Based on her “nearly a decade’s research” on the subject, Prof. Matt first informs us in “The New Globalist Is Homesick” as follows: “The global desire to leave home arises from poverty and necessity, but it also grows out of a conviction that such mobility is possible.”  She then adds that “it also has high psychological costs” and that “many people who leave home in search of better prospects end up feeling displaced and depressed.”  Foremost important to me on a personal level is what she states next: “Few speak openly of the substantial pain of leaving home.”  We learn from her article how in the 19th century “[s]tories of the devastating effects of homesickness were common [… (e.g.] ‘Victim of Nostalgia: A Priest Dies Craving for a Sight of his Motherland.”)  What the article highlights next is, to me, a first-time fact:    “Today, explicit discussions of homesickness are rare, for the emotion is typically regarded as an embarrassing impediment to individual progress and prosperity.  This silence makes mobility appear deceptively easy.”

Here, I invite us to pause briefly in order to get into my head, approximately three decades ago: At a time, when I was craving to be back home.  My mother was the main reason for my longing, along with my youth love I had left behind.  With the exception of my letters to her and a few jotted notes, I, too, had kept my silence about the deeply rooted ache I used to feel. With my mother’s death, my letters also vanished. As for those scattered notes, I may eventually find them during another move, whenever that may happen.  Imagine now, if you please, my conditions to leave my home country as opposed to those Matt analysed: There was no necessity for me to leave my home country.  I left to pursuit my passion to further my studies.  Poverty was not an issue, either.  Still, during my first years here, I experienced feelings of immense loss.

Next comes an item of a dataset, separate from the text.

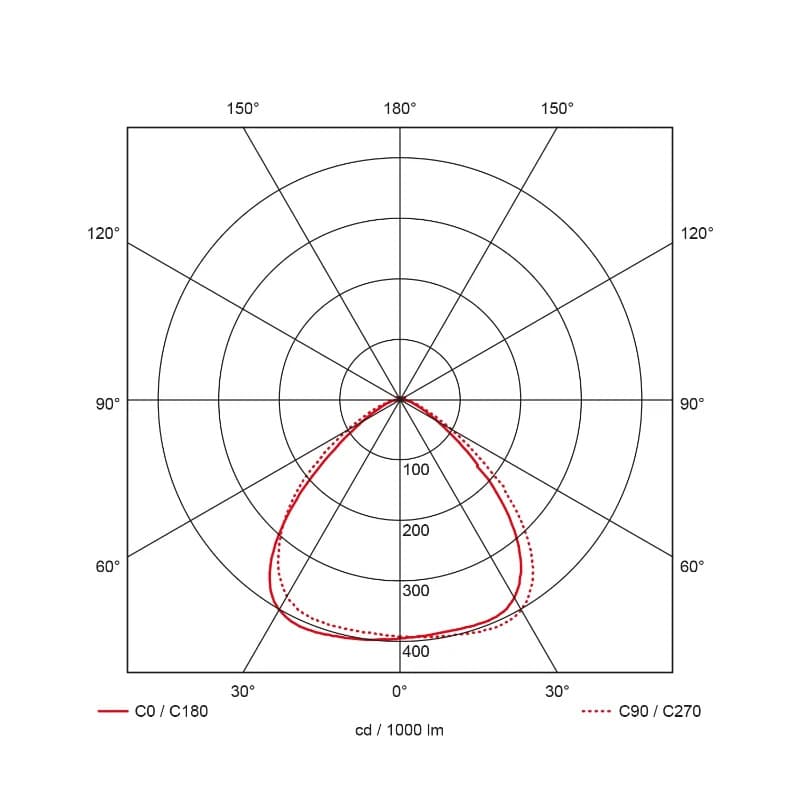 Prolumia Pro-Line Retrofit II | 75W 4000K 11500lm | 840 IP40 Dimbaar | 40640403 thumbnail 2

“Technology also seduces us into thinking that migration is painless [,]” writes Matt and argues: If today’s ways of rapid communication “could truly vanquish homesickness and make us citizens of the world, Skype, Facebook, cellphones and e-mail would have cured a pain that has been around since ‘The Odyssey’.”  She also announces: “Homesickness continued to plague many who migrated.”  Her argument finds support in her own research of the Archives of General Psychiatry, regarding, for instance, the “rates of depression and anxiety” among “Mexican immigrants in the United States” being “40 percent higher than nonmigrant relatives remaining in Mexico.  A wealth of studies have documented that other newcomers to America also suffer from high rates of depression and ‘acculturative stress’.”  Matt ends her findings by stressing how limited “the cosmopolitan philosophy” is: “The idea that we can and should feel at home anyplace on the globe is based on a worldview that celebrates the solitary, mobile individual and envisions men and women as easily separated from family, from home and from the past. But this vision doesn’t square with our emotions, for our ties to home, although often underestimated, are strong and enduring.”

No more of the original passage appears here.